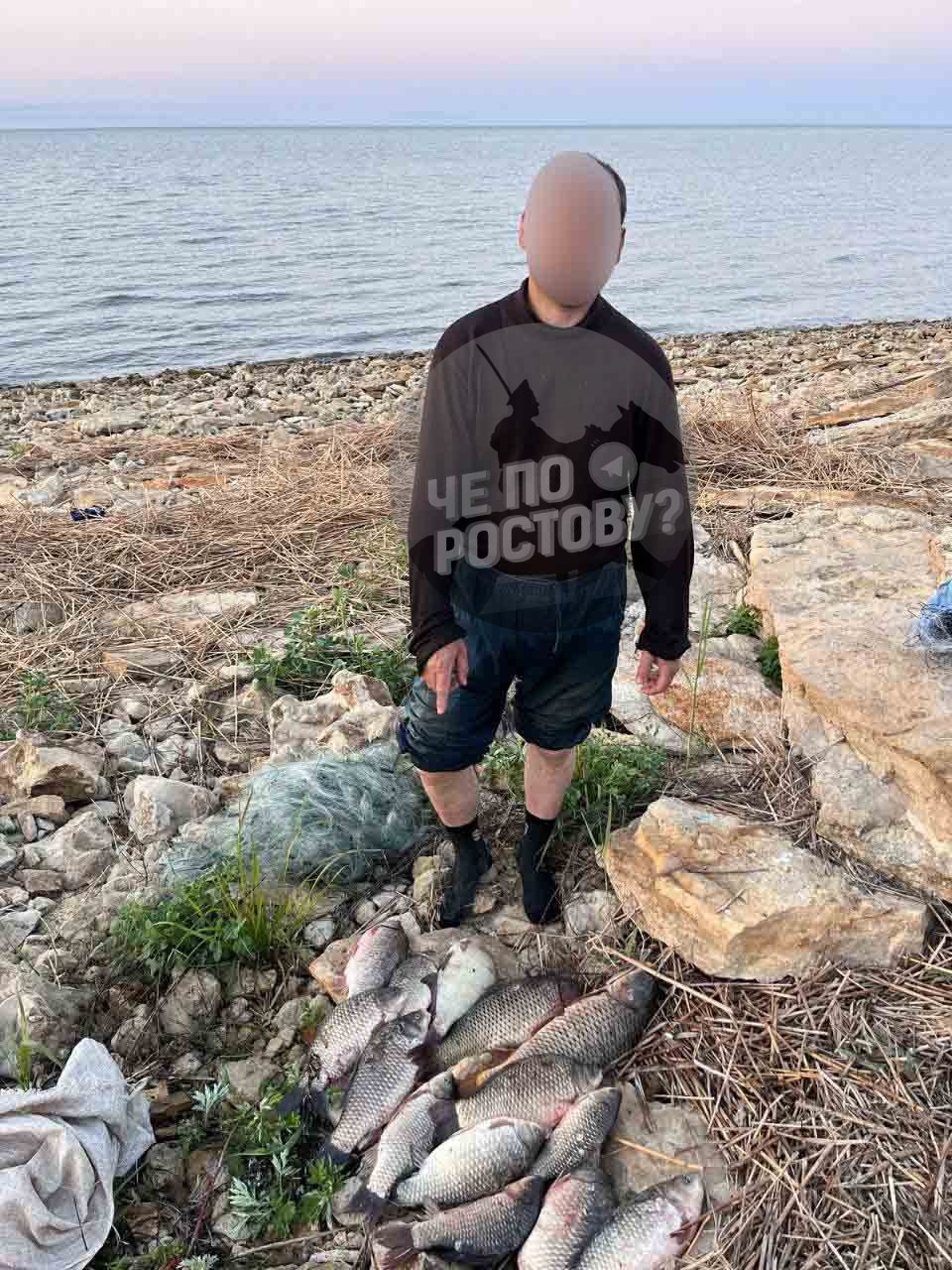 В Таганроге поймали браконьеров, ловивших рыбу в нерест — могут сесть на 2 года. Во время рейда в рамках операции «Путина-2025» на побережье Таганрогского залива полицейские задержали двух местных жителей — 45 и 44 лет. Мужчин застали за незаконным выловом рыбы в запретное время — как раз в зоне нереста. По данным транспортной полиции, они использовали лесковую сеть и успели наловить 31 рыбу: среди них были сазан, серебряный карась, лещ и донская сельдь. Ущерб оценили примерно в 30 тысяч рублей. В отношении браконьеров возбудили уголовные дела по статье 256 УК РФ — за незаконную добычу водных биоресурсов. По этой статье можно получить до двух лет лишения свободы. Пока что подозреваемые находятся под обязательством о явке. Скидывайте пост знакомым, особенно тем, кто любит посидеть с удочкой — пусть не забывают про нерест. Подписаться Связь с редакцией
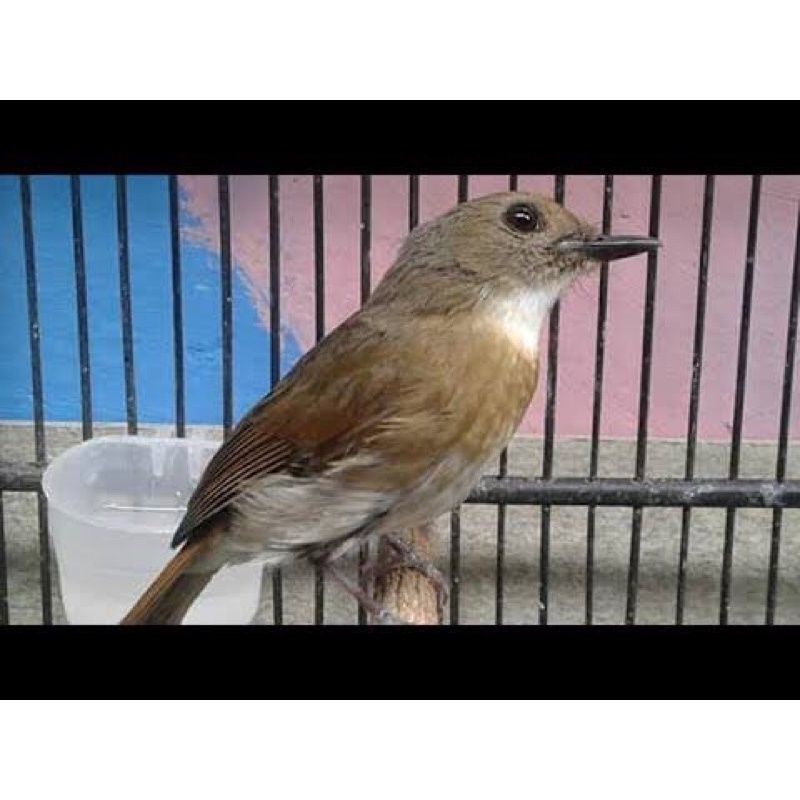 Burung SRDC ori Bali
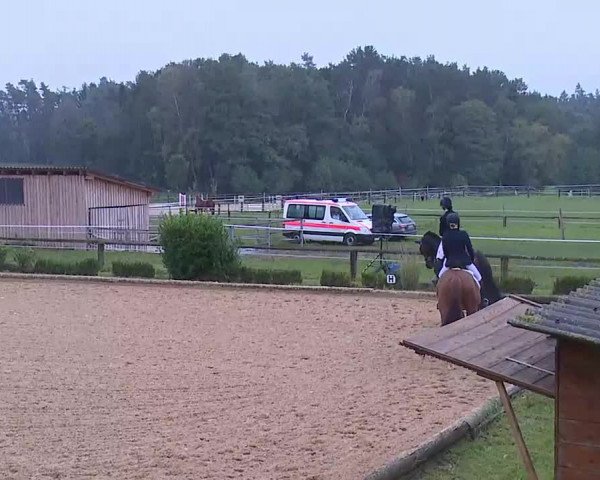 Reitturnier Brünst/Mfr. 2020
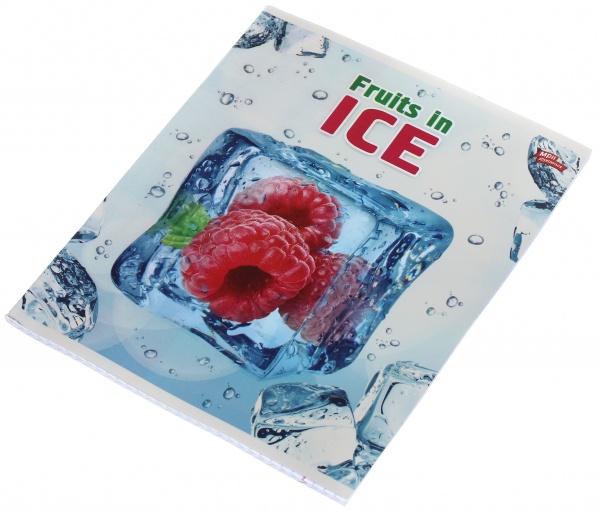 Тетрадь школьная серебро 4 листов в клеточку в ассортименте Мечты сбываются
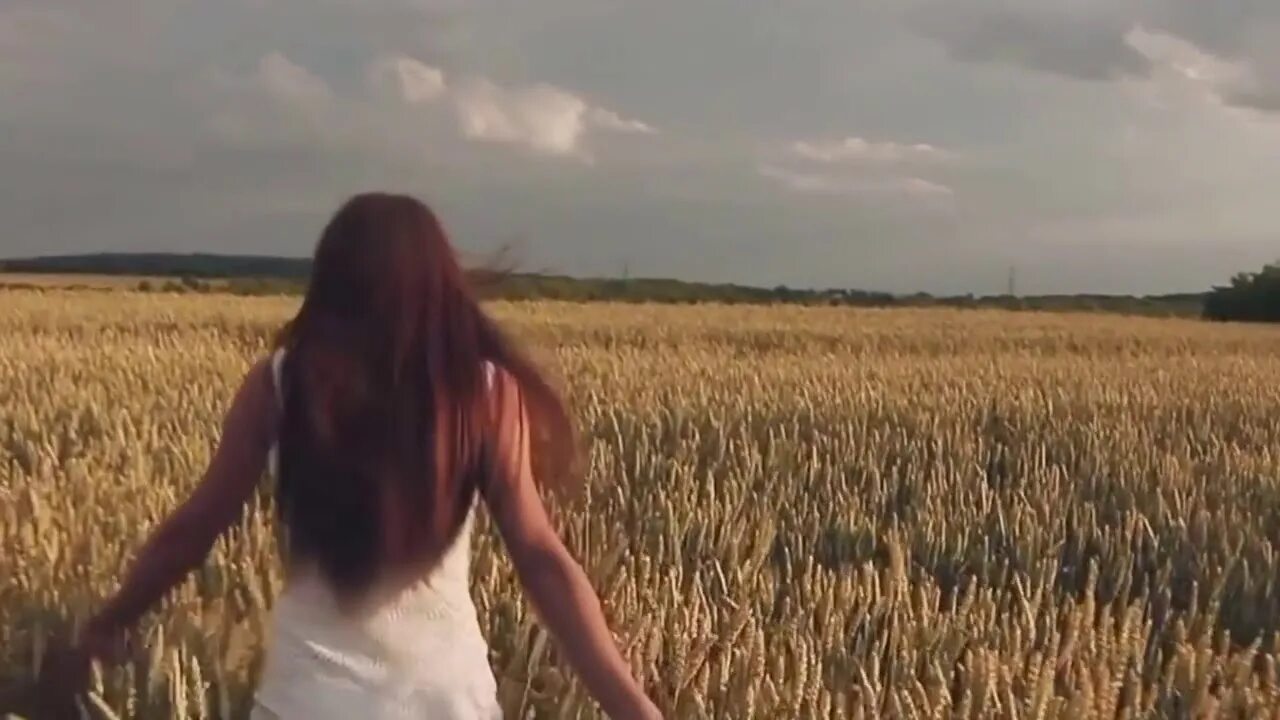 Девушки в поле песня. Девушка поет в поле. Девушка в пшенице. Поют в поле. Девушка в поле футаж.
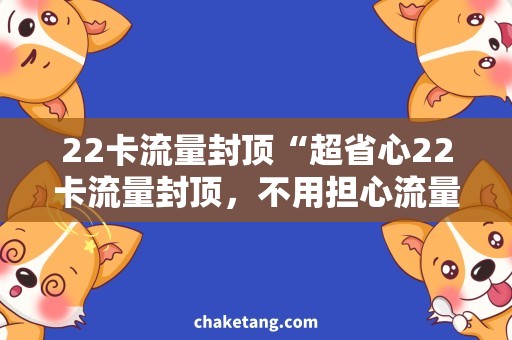 22卡流量封顶“超省心22卡流量封顶，不用担心流量超支！”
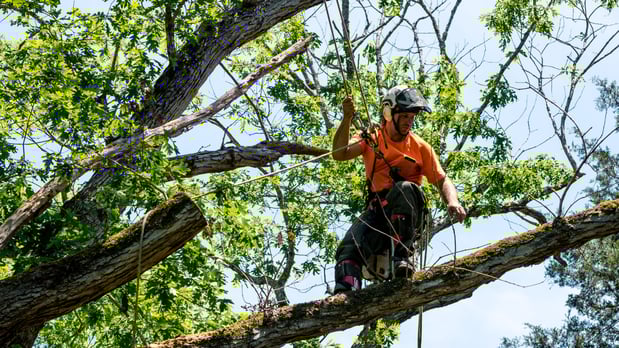 Images Nationwide Tree Service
====================
What you need to do: Set down word for word each line from the one containing "Девушки в поле" through the end of the material, and keep the pictures out of it.

Exercise answer:
 Девушки в поле песня. Девушка поет в поле. Девушка в пшенице. Поют в поле. Девушка в поле футаж.
 22卡流量封顶“超省心22卡流量封顶，不用担心流量超支！”
 Images Nationwide Tree Service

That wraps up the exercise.